# clunking front end



## NEXSTAR7 (Jan 28, 2007)

i was turning the steering wheel and i heard this popping noise. not smooth. like something was missing in the suspention or steering. thanks Ralph


----------



## Gunslinger (Jan 5, 2010)

just when you turn the wheel while stopped? while moving?speeds? make noise over bumps or rough road? A little more info needed for any real id of the cause of the noise.


----------



## GM4life (Mar 18, 2007)

Strut berings??
http://www.gtoforum.com/f39/definitive-definition-gto-suspension-concerns-19058/


----------



## NEXSTAR7 (Jan 28, 2007)

only when stopped. thanks, that was good reading material


----------



## Gunslinger (Jan 5, 2010)

I get a little sproing sound while I'm turning into my parking spot, so basically turning while almost stopped. It occurs at the very far end of the rotation to the right. It happened before I changed the spring, struts, bearings and it still happens. Not a horrible clunk or pop just a little pop/clunk. Im thinking it has to be something attached to steering.


----------



## vxssls1 (Sep 9, 2006)

id check link pins and radias rod bushes


----------



## Gotagoat (Jan 6, 2006)

Thanks, Mike (DMS), for making the effort to supply the information.
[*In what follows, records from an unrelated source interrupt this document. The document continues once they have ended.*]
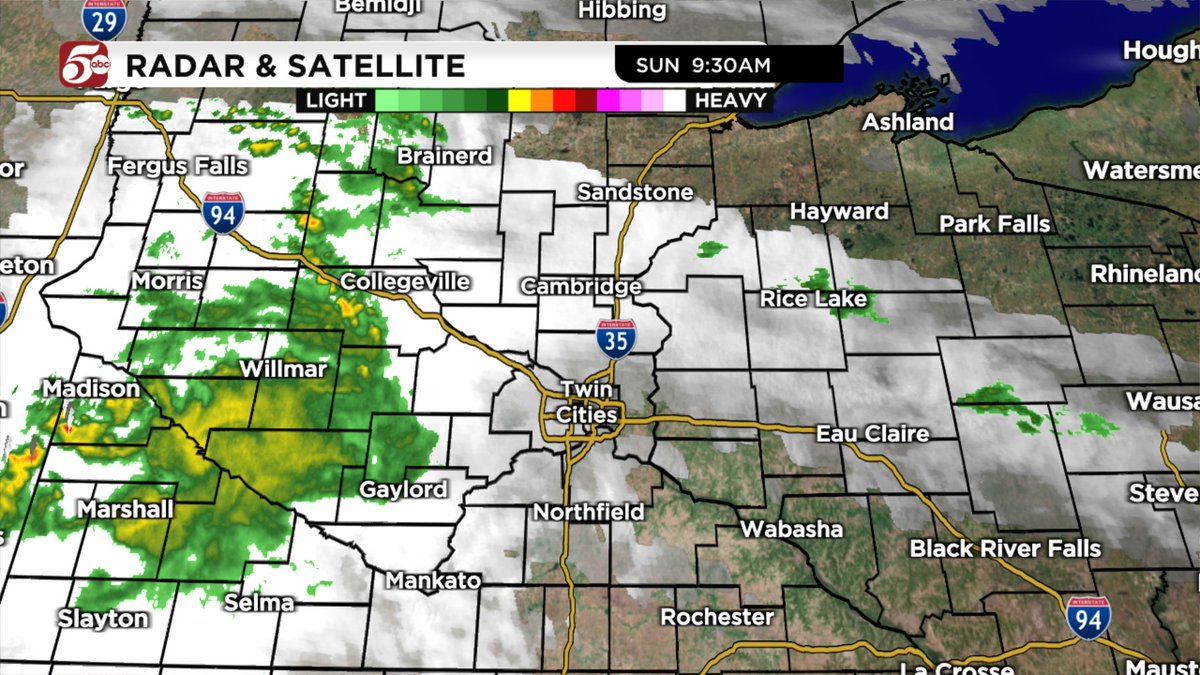 Rain continues to weaken as it pushes east across Minnesota. The metro might get a few drops closer to 11 AM and noon, then dry out and warm up Sunday afternoon.

Widespread storms are likely tonight into early Monday. Here's my latest forecast: https://t.co/nWFaAnUy8J https://t.co/3Vfyg2xu2T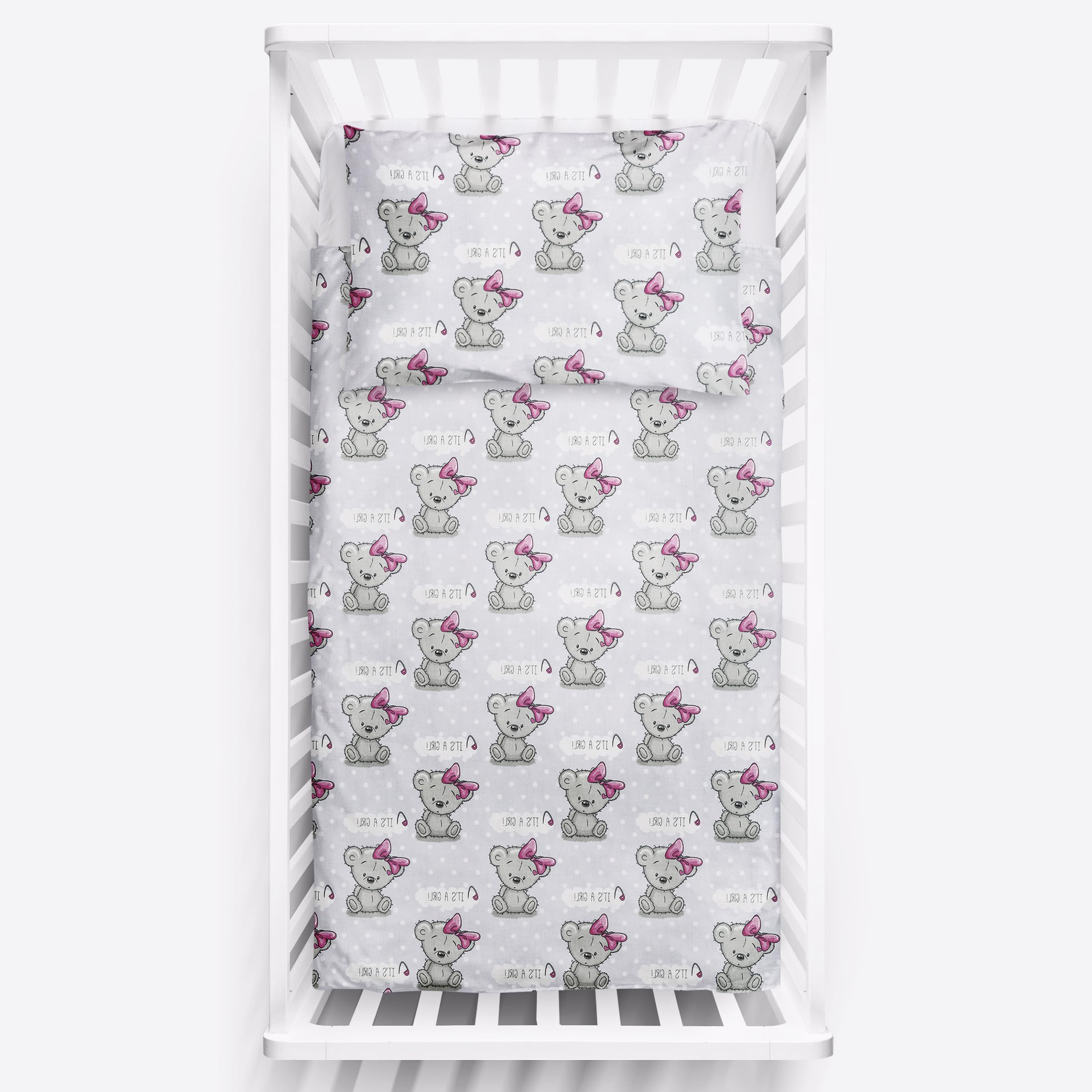 2 Piece Baby Kids Bedding Set 120x90cm Duvet Cover & Pillowcase for Toddler Cot 12M+ (It's a Girl)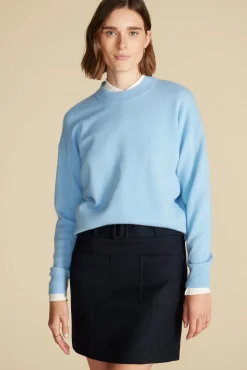 Amour Vert Pearl Cashmere Sweater SkyBlue New
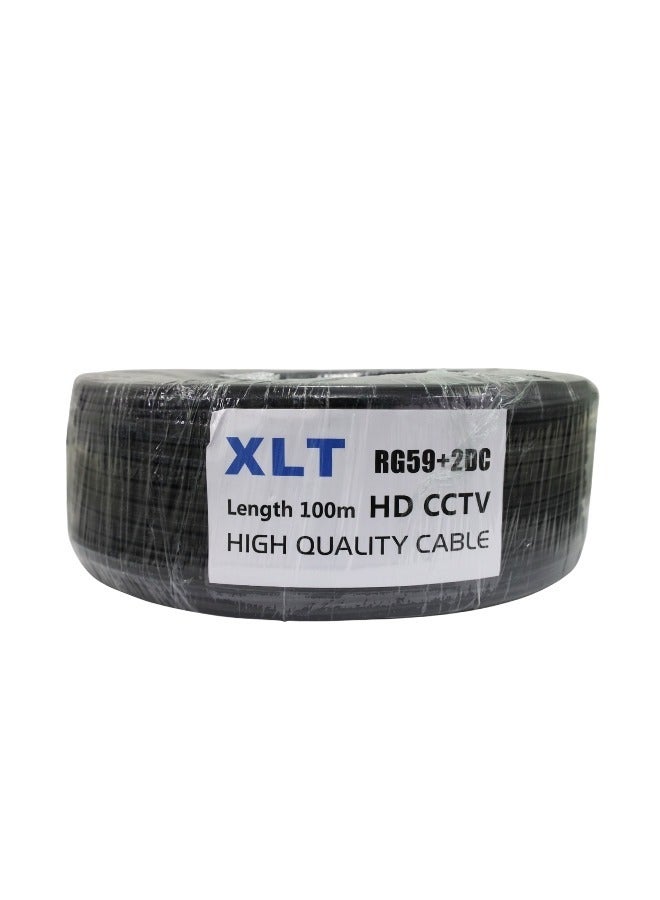 XLT RG59 Coaxial Cable With Power Ideal for CCTV Security Camera - 100M - Image 1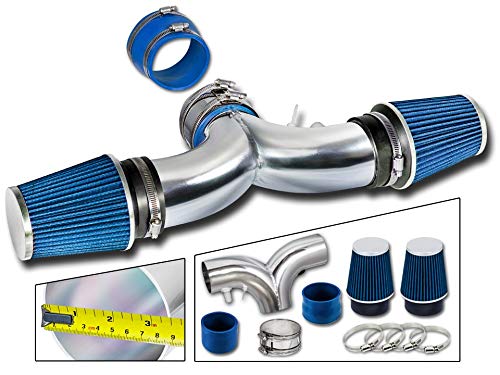 Rtunes Racing Short Ram Air Intake Kit + Filter Combo BLUE Compatible For 94-96 Impala SS / 94-96 Caprice 4.3L/5.7L V8 Dual (with 2 Filters) ...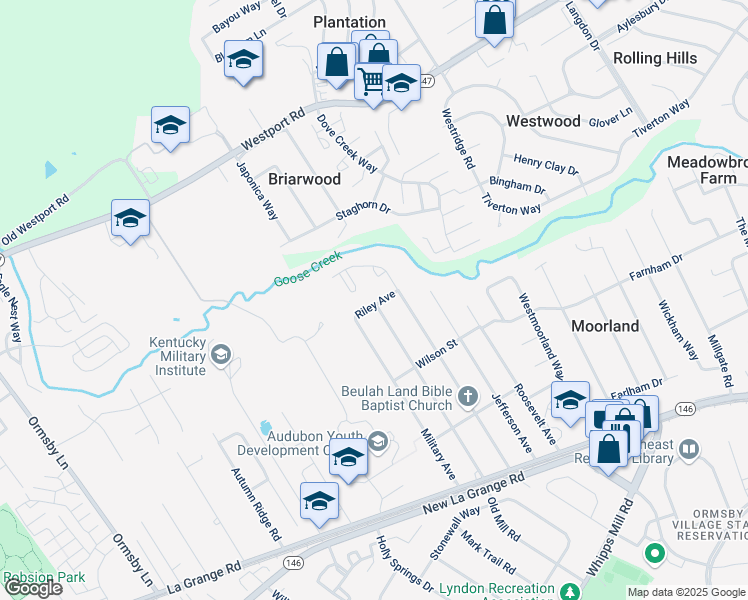 map of restaurants, bars, coffee shops, grocery stores, and more near 8921 Riley Avenue in Louisville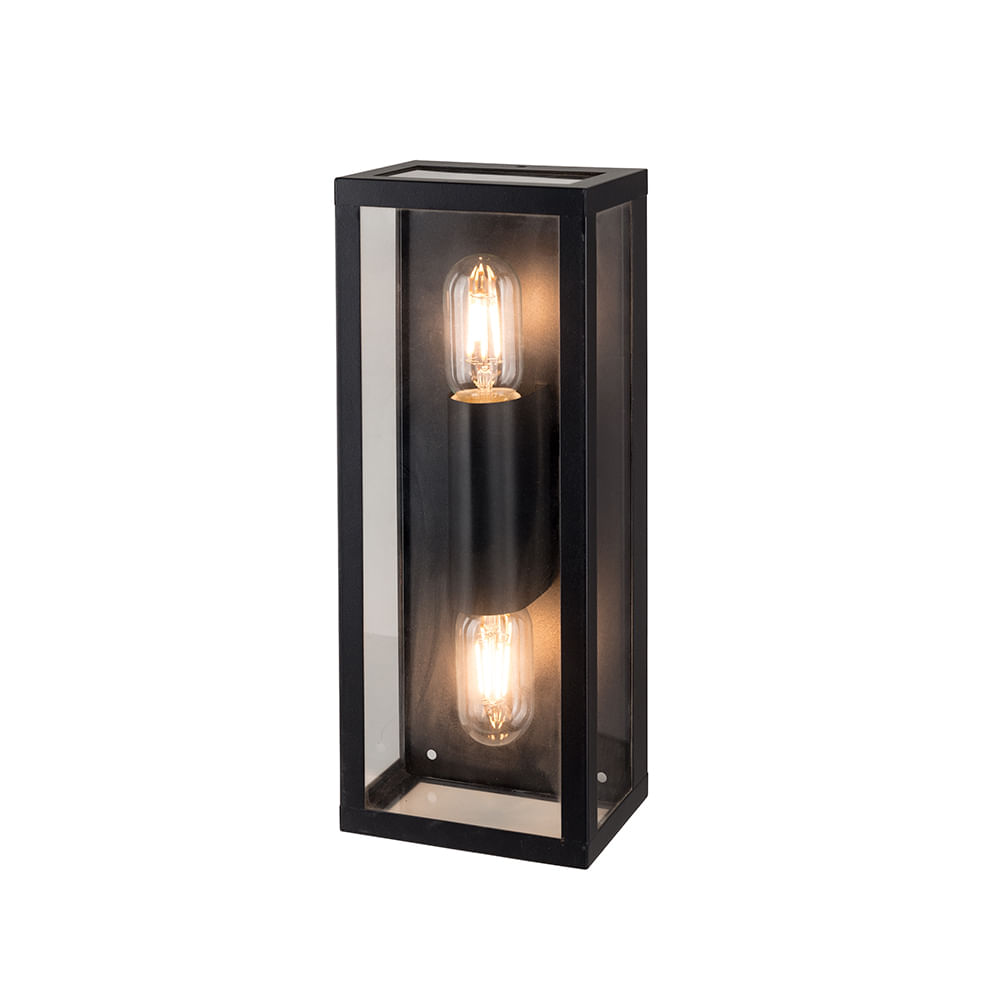 Aplique Exterior Varina Glass Bidireccional Negro — Bp — BP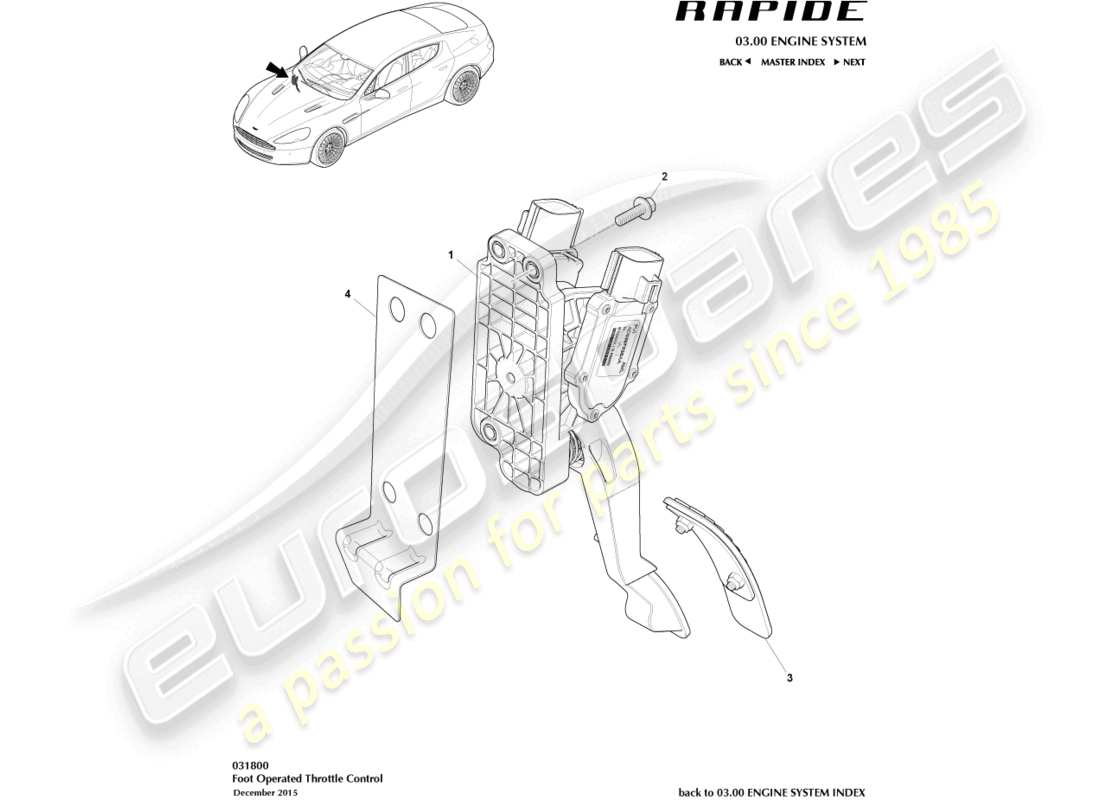 aston martin rapide (2013) throttle control part diagram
Very helpful.


----------



## NEXSTAR7 (Jan 28, 2007)

well, i was having my tranny replaced anyway so i told the mechanic to check the steering linkages and he went around tightening things. he didnt tell me if he found something, but its not making the noise anymore. go figure. thanks again guys.


----------



## Goatskin10 (Sep 9, 2009)

He may have tightened up on your Radius Rod Nuts. If you hear it any more or your front end feels mushy while negotiating turns,then you may want to replace them with urethane bushings.I had the same problem and I just changed mine.Now it handles like a vette, and of course no more noise.


----------



## NEXSTAR7 (Jan 28, 2007)

will keep a ear open. if so who's did you use? pedders


----------



## 1224GTO (Sep 18, 2011)

*i got a popping sound after i hit a toco patch job in the road*

After running over a sunken patch job in the road i got a popping sound in my front end sounds like a spring is turning in the strut but it goes away after a few turns ?? she is all stock to..60k if that is the case ill cut some heater hose to cover the lower part of the spring and see if i get the sound and upper ?? ill know more when i get it on the lift ...ill update when i find the issue...:shutme


----------



## 1224GTO (Sep 18, 2011)

Today i put the GTO on the lift to see if i could that noise and i found that my sway bar end links was bad the rubber was gone and link was just hanging there ?? the spring looks ok not moving like i thought anyways I'm only at 62k so whats up with that!!


----------